Mendes paints an ugly picture of the world surrounding the Wheelers; limned in fear of what other people might think and envy of those who dare to step out of line. There is a splendid performance by Dylan Baker as one of Frank’s colleagues, an office hack who lives from one hangover to the next, barely staying afloat in the cubicled environment of big office anonymity. We can only applaud the Wheelers for wanting out, for daring, even if just for a moment, to resist the kind of robotic existence that is uncomfortably akin to something out of The Stepford Wives (the 1974 original rather than the 2004 remake). But the Wheelers are far from being anti-establishment heroes. Their belief that they are special derives as much from self-love and vanity as any virtue of character or talent. The fact that these very ordinary people are played by two of the dream factory’s best known faces, who also link back to the romantic fairy tale of Titanic (1997), sets up a jangling disharmony in the background that is almost like a second sound track, opening up interpretations about what it is to have dreams, to be special, to be yourself.

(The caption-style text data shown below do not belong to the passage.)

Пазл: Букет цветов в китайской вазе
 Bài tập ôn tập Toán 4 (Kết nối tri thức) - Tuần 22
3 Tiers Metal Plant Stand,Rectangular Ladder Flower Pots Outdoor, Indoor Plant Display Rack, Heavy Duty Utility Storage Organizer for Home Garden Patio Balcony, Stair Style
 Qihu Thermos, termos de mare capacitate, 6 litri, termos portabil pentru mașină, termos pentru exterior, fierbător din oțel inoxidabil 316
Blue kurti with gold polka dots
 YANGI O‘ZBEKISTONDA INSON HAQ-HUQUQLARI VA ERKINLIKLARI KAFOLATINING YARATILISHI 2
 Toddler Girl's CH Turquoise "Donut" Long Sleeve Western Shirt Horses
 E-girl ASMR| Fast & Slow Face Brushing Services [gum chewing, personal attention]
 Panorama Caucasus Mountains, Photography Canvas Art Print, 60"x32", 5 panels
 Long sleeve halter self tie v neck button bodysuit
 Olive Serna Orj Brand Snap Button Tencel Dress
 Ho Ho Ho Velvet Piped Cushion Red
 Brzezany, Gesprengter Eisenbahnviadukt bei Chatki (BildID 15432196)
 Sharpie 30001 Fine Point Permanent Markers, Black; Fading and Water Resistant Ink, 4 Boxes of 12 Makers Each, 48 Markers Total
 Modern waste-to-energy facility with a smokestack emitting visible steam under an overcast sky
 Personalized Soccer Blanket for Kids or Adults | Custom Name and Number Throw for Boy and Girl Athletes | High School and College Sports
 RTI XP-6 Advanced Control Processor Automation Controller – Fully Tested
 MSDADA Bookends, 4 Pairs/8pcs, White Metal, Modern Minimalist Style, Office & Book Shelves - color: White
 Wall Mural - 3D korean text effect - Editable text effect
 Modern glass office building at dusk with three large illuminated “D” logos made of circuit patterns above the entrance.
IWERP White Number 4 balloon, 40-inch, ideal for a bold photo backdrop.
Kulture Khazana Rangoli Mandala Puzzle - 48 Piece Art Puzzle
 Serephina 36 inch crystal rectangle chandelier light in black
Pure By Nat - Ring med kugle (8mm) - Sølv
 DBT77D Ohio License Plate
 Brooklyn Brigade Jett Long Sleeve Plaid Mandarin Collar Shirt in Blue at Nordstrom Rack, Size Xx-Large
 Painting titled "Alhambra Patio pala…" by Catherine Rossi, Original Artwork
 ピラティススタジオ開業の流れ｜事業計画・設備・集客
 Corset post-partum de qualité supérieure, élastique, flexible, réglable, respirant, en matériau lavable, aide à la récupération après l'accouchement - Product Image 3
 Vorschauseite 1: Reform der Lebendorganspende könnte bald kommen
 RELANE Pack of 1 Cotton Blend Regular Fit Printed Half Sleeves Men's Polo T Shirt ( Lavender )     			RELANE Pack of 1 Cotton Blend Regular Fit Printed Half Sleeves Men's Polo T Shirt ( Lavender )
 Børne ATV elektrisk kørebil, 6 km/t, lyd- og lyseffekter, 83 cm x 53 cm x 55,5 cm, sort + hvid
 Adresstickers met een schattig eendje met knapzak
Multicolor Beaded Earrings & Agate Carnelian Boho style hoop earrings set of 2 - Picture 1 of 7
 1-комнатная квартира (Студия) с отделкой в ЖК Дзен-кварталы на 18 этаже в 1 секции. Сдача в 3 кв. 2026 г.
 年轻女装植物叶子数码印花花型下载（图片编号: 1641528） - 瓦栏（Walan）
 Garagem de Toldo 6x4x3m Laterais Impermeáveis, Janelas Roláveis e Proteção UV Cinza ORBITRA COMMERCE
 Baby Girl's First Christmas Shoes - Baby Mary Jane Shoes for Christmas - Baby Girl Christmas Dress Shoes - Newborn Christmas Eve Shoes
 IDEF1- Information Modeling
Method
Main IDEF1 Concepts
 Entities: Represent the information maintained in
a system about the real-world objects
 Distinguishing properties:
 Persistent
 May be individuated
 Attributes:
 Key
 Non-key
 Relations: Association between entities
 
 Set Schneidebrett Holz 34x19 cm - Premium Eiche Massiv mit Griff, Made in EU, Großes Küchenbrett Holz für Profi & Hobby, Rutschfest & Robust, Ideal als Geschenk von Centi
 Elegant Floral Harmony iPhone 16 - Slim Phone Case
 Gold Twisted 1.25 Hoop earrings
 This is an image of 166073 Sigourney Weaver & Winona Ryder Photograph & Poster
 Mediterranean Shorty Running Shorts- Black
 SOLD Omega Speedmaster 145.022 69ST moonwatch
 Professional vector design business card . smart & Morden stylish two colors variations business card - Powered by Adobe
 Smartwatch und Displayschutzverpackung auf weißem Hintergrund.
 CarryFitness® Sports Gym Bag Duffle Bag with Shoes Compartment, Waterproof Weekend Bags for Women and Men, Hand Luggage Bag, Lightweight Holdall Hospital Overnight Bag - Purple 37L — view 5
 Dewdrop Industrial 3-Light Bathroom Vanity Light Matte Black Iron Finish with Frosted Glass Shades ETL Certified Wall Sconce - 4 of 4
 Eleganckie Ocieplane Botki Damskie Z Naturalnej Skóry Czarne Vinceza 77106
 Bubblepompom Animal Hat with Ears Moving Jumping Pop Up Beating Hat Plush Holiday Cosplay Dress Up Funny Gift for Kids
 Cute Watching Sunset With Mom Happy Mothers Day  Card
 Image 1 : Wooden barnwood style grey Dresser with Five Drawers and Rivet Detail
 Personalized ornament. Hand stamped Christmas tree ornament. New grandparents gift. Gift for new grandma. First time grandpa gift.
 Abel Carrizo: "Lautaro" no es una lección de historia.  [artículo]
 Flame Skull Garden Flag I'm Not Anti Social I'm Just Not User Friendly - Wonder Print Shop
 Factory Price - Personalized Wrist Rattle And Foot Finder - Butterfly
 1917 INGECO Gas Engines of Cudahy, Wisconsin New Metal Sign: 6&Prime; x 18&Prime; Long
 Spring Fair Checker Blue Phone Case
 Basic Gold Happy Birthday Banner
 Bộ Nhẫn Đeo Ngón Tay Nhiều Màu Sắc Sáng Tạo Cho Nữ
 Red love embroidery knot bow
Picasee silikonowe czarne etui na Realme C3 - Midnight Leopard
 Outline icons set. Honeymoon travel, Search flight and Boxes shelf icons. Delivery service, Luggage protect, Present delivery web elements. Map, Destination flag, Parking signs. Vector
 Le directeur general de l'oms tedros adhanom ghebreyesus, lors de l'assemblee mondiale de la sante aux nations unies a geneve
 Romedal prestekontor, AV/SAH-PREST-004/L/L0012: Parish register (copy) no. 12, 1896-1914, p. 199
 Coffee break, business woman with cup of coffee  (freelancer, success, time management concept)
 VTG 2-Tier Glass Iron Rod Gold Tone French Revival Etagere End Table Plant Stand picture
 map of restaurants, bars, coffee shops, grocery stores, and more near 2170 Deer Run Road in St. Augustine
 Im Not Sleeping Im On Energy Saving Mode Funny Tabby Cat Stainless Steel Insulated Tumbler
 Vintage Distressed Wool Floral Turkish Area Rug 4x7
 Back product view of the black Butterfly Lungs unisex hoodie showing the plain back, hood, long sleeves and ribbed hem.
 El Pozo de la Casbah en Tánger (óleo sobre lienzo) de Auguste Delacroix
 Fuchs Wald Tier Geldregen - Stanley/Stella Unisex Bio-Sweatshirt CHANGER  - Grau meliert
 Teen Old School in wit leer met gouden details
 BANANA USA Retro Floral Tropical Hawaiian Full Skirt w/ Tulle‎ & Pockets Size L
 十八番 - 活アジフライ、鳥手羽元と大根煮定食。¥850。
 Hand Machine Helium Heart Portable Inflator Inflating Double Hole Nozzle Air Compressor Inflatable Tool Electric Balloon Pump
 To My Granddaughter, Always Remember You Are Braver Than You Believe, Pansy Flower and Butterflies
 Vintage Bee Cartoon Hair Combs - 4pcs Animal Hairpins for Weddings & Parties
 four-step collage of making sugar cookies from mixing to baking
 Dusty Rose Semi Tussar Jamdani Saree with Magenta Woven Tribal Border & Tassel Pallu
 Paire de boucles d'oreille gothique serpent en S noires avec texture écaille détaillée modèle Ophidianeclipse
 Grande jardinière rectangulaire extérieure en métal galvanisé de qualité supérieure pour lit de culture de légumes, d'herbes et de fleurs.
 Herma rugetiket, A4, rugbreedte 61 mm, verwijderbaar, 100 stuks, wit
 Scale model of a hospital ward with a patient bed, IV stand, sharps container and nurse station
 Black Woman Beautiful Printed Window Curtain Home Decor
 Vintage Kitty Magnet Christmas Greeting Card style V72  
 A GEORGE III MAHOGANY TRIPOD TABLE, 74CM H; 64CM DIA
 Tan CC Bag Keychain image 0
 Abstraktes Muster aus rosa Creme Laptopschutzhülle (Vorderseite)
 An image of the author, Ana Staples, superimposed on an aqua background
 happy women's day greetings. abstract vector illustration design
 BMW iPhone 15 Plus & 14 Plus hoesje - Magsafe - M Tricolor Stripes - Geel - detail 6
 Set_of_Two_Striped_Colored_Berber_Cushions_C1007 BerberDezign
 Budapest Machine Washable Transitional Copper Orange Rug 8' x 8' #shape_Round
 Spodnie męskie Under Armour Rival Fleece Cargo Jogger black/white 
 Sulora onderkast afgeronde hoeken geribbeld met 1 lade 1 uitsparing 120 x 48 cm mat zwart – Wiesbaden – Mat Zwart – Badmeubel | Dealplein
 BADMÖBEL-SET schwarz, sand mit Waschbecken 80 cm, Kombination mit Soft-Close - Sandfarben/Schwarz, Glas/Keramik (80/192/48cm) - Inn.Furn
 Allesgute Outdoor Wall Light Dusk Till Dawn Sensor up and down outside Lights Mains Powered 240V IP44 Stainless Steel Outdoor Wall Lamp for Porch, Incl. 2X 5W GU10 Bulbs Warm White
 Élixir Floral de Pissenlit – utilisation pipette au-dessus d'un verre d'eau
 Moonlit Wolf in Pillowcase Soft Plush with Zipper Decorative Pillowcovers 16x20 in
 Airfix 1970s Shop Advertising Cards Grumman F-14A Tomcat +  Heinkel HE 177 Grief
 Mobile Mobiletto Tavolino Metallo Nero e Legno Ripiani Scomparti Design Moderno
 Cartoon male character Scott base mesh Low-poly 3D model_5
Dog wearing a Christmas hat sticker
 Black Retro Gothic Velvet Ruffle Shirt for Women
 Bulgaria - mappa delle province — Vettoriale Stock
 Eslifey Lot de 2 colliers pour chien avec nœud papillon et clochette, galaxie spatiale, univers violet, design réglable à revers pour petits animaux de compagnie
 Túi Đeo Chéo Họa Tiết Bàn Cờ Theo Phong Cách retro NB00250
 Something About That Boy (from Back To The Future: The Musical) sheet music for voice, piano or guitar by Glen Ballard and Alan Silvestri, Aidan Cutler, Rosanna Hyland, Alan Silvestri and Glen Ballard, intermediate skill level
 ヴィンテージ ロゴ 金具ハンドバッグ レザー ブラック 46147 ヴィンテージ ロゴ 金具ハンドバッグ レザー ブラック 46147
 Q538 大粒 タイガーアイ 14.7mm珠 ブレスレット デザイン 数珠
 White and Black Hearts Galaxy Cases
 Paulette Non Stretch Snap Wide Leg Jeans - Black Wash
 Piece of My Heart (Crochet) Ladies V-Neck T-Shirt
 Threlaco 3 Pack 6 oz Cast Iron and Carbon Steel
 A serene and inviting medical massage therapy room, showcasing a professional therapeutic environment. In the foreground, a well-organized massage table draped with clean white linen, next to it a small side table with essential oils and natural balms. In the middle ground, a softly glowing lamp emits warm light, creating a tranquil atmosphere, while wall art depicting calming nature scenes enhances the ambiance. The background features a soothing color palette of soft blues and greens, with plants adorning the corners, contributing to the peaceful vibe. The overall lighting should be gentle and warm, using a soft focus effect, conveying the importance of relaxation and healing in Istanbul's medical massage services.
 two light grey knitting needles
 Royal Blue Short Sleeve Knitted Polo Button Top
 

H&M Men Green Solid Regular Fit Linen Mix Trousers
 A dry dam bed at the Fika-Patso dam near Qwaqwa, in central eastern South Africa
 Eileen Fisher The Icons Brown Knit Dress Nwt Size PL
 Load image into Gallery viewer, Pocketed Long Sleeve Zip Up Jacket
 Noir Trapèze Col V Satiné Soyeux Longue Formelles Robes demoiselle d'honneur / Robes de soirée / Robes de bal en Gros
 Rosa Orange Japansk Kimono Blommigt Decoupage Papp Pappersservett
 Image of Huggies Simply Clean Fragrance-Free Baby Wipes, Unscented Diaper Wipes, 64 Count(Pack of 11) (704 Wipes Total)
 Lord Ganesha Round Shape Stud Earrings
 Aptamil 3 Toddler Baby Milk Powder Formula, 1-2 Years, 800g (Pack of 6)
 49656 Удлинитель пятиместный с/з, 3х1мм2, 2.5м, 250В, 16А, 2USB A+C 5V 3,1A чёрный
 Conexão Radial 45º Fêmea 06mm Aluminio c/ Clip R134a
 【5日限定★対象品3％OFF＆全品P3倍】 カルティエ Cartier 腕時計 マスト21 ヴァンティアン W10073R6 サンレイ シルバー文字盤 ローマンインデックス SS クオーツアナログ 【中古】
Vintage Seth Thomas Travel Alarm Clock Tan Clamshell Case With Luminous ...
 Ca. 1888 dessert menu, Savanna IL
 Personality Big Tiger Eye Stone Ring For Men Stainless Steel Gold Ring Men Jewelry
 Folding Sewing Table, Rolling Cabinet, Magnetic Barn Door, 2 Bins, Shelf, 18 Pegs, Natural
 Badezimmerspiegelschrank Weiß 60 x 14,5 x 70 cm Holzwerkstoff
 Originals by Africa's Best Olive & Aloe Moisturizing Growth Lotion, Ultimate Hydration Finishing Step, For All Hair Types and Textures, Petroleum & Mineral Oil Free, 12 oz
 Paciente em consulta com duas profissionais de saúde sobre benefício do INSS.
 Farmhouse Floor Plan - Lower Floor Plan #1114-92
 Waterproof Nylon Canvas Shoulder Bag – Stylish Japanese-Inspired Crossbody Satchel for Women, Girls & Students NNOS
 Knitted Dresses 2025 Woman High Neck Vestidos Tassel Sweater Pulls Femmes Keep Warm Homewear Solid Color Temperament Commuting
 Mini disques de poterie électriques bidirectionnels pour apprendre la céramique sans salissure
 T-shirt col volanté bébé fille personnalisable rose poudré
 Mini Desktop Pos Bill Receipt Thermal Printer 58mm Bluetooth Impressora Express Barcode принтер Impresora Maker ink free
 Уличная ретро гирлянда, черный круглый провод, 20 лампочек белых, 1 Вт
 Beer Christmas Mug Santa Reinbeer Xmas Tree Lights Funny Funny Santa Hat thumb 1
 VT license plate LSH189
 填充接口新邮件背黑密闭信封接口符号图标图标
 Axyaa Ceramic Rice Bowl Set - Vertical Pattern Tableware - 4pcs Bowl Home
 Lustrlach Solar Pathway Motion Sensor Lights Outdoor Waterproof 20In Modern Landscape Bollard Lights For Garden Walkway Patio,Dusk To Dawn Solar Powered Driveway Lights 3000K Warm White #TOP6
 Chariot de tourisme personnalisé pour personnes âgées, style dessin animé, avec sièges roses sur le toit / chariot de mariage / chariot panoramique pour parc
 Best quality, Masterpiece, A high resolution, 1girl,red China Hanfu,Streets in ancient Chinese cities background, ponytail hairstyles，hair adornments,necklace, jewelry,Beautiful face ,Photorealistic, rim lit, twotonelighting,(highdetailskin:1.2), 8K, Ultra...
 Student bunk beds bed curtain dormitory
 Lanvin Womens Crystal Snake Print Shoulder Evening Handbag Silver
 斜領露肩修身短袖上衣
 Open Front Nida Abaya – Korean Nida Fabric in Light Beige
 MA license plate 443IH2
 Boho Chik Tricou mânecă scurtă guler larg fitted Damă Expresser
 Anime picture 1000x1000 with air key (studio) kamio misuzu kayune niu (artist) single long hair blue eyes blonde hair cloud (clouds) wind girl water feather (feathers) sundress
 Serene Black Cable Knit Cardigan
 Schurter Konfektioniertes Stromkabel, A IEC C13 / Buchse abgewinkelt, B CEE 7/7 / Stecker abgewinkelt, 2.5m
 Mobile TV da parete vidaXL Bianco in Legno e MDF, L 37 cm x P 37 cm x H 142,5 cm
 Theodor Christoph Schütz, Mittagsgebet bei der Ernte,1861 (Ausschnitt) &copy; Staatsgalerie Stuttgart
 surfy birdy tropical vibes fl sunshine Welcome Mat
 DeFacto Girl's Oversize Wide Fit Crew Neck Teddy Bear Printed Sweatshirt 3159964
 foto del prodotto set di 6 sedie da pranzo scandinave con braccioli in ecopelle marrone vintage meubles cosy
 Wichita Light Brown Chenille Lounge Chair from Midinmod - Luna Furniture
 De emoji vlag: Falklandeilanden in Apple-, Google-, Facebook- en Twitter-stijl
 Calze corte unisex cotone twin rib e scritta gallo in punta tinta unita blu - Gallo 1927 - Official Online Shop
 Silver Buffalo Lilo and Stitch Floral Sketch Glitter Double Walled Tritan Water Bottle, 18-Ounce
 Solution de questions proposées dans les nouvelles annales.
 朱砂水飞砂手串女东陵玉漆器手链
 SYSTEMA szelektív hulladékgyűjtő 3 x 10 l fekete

In an age in which we are brought up to believe in our own special and unique individuality, this can be decidedly uncomfortable and makes Revolutionary Road something of a parable for modern times.
DiCaprio is brilliantly cast as Frank, inhabiting a region between the pretty boy of Titanic, hope and romance still alive in his face, and the coarse, bejowled features of the corporate bosses Frank pretends to despise. His somewhat wooden delivery fits a character who doesn’t really know who he is, and seems to be constantly aping something or someone else. Frank Wheeler is a composite of the establishment and the ideas espoused by the beatnik movement, but he is neither fish nor fowl nor good red herring. Winslet, as April, adopts a style that out-Streeps Meryl in even her iciest roles as she transforms from an admirable woman who takes her dreams seriously to someone who won’t let go, tearing herself and her family apart, neither bold enough to set out on her own, nor resigned enough to settle for something less. We want to sympathize with her, but stubbornness turns to bitterness and then something close to madness, and at the extremity of her torment, she almost succeeds in alienating herself from any possibility of sympathy. This is a role that cements Winslet as very much more than a decorative presence in cinema.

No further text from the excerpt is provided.